SATELITNEWS.COM, PANDEGLANG – Mitigasi bencana menjadi hal penting, sebagai kesiapsiagaan dan antisipasi pengurangan resiko bencana. Lumbung Sosial (Lumsos), salah satu mitigasi kebencanaan yang digunakan sebagai cadangan logistik, bagi masyarakat terdampak bencana.
“Sudah ada 15 lumsos, ditambah satu lagi dari Kementerian Sosial (Kemensos), jadi semuanya saat ini ada 16 lumsos di Pandeglang,” ungkap Pelaksana Tugas (Plt) Kepala Dinas Sosial (Kadinsos) Pandeglang, Nuriah, pada acara Sosialisasi Kampung Siaga Bencana (KSB), di Kecamatan Pulosari, Kamis (28/3/2024).

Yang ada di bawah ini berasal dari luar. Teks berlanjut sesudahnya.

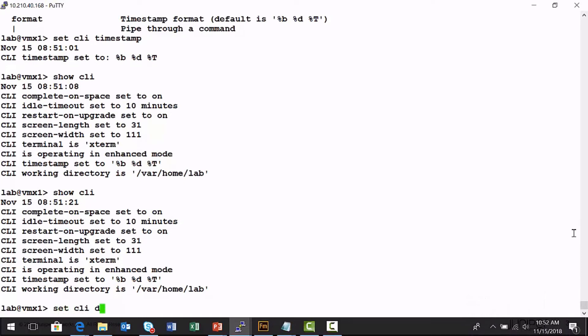There's a set CLI directory command. I'm going to be doing a bunch of work in var logs, saving things, outputting things. So I want to save myself a little bit of typing by changing my default working directory. So I just say set CLI directory, I'll change it to var log.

Menurutnya, dari 16 lumbung sosial yang ada di Pandeglang tersebar di beberapa kecamatan yaitu, Kecamatan Sumur Desa Kertajaya, Desa Taman Jaya, Cibaliung, Cibitung, Cigeulis, Cikeusik, Panimbang, Sukaresmi, Patia, Pagelaran, Labuan, Carita, Mandalawangi, Cimanuk, Angsana, dan Pulosari.
“Lumsos yang sudah ada yaitu 11, dari Anggaran Pendapatan Belanja Negara (APBN), 1 lumsos dari Provinsi Banten, dan 4 lumsos dari APBD Kabupaten Pandeglang,” tandasnya.
Lebih lanjut, Nuriah juga menyampaikan, lumsos ini harus keberlanjutan karena sangat penting dalam penanganan kebencanaan. Oleh sebab itu, ia berharap pengelola lumsos pelaporannya dapat ditingkatkan.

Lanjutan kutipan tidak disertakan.